Asscher wants migrant workers to be paid according to the standards of the country in which they are working. European Commissioner Marianne Thyssen of Social Affair already submitted such a proposal almost a year ago. But so far it has been blocked by 10 countries. These mostly Eastern European countries do not want the proposal to make finding work in other EU countries more difficult for their cheap workers.
The Dutch Labour leader wants to push the proposal through. "I am deeply convinced that this should happen. It is an ideological choice: Europe must not become a low wages continent. Otherwise the support erodes from beneath the EU", he wrote. Asscher sees two ways of doing this. "Preferably by convincing Eastern European countries that they too do not benefit from exploiting their people", Asscher wrote in his letter, according to the newspaper. But if that fails, the 10 countries can be outvoted.

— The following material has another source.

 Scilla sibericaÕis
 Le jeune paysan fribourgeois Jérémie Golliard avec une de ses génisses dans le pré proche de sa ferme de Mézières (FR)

In the letter Asscher also proposes a new trade agreement between the EU and Britain, once they've left the EU. He suggests that firm agreements are made on tackling tax avoidance by companies. He also wants to make sure that Britain does not drastically lower its corporate income tax in an effort to lure companies away from the EU. "Again, we have to avoid a race to the bottom."
Asscher thinks the best way to do so is to have the 27 remaining EU countries agree on imposing a minimum rate of corporate income tax and impose it on Britain. According to the Volkskrant, this proposal seems a bit out of reach as it requires unanimity and many Member States are vehemently opposed to giving their fiscal sovereignty to the EU.